In this case, I believe I've shown there isn't a set number of filled squares. Suppose all the connectors are oriented the same way. Then any square is either in a plane the connectors are oriented to (in which case all vertices are "8" and it's not filled) or it's in the plane the connectors aren't oriented to (in which case all vertices are "0" and it's not filled). So no square is filled in this configuration.

But it's clearly possible to create a configuration in which filled squares exist, and this means the number of filled squares can vary.

Disclaimer: the above proof is built on absolutely no K'nex experience.

[Chasney913]

Thanks, that seems correct from my two minutes of thinking about it. And yes, I was talking about a 2x2x2 cube, but I was thinking connectors not rods, and got all messed up. But you knew what I meant.
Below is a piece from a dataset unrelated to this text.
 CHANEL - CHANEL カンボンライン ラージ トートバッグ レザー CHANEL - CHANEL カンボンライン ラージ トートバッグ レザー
@BlackOpSource Do you still have the binary adder? I'd like to see it if you do, or know how it worked.

[DarkerLine]

So what prompted you to describe those two types of squares and not others as 'filled'?

[BlackOpSource]

No. My mom gave all my K'nex away last year (Sniff.... we had a good run: 1996-2006.). But here's how it worked.
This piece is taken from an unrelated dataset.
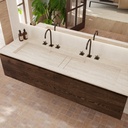 Hatysa Plus Marble Vanity Top Travertine Marble Side View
I was too lazy to build it so you just dropped one ball on the rails. It consisted of two logic gates, XOR and AND, and to indicate a "1" as input, you just dropped a golf ball onto a track leading into each. For a "0", you did nothing. Each of these gates was built into one housing, and, because of their mechanical nature, they rotated during operation, outputting to a needle on the front that pointed one way or another- for zero or one (The default state for both was zero; the machine needed to be reset each time.). The XOR gate consisted of an upside-down "T" that pivoted about the "intersection" each time a ball was dropped into it. The AND gate consisted of a basket into which balls fell, which was on a lever, counterweighted by the large wheel pieces (You know, with the tires and whatnot.). The AND gate would only rotate if two balls were in the basket, since one was not heavy enough. So, replacing the golf balls with ones and zeros, we get....

XOR
0 + 0 = 0
0 + 1 = 1
1 + 0 = 1
1 + 1 = 0

AND
0 + 0 = 0
0 + 1 = 0
1 + 0 = 0
1 + 1 = 1

Because of the way the gates were arranged in the housing, the indicator for the output of AND was to the left of XOR, so for the whole machine....

0 + 0 = 00 = decimal 0
0 + 1 = 01 = decimal 1
1 + 0 = 01 = decimal 1
1 + 1 = 10 = decimal 2

Just let me know if you want more detail on the mechanical operations; especially with the XOR, I don't know that I was all that clear, really.

~BlackOpSource

[Chasney913]

I decided filled vs not filled while making the cube. Basically, if I could connect a rod, either at both ends or at one end, the cube was filled. However, if two rods could be in the square, they would conflict, and so I removed them both. The two arrangements are the only two that have only one rod in them. (The rods are connected diagonally, if you haven't guessed.)

@BlackOpSource That's perfectly clear, although from my interpretation, you need to drop a ball representing each digit twice. It would be more awesome (in my opinion) to have something like such: http://woodgears.ca/marbleadd/index.html
However, I think it would be difficult to do with K'nex, because according to the site, it was challenging enough with easily-sculpted wood, let alone fixed length and angle plastic.

In a unrelated matter, does anyone have any good chemistry tutorials? Grade 11 & 12, I guess. My friends are taking it this semester, and I'm usually good at that sort of thing, so they ask me to help. Unfortunately, I've yet to actually take chemistry, so I need a good, in-depth tutorial. Almost a lesson, I guess. It would be greatly appreciated, both by me, and my friends.

[BlackOpSource]

I'm not sure I understand....

To actually operate the machine, you dropped a ball into each of the two parts of the machine for every "one". So to add one, you would expend two balls from some hypothetical cache of golf balls you might have.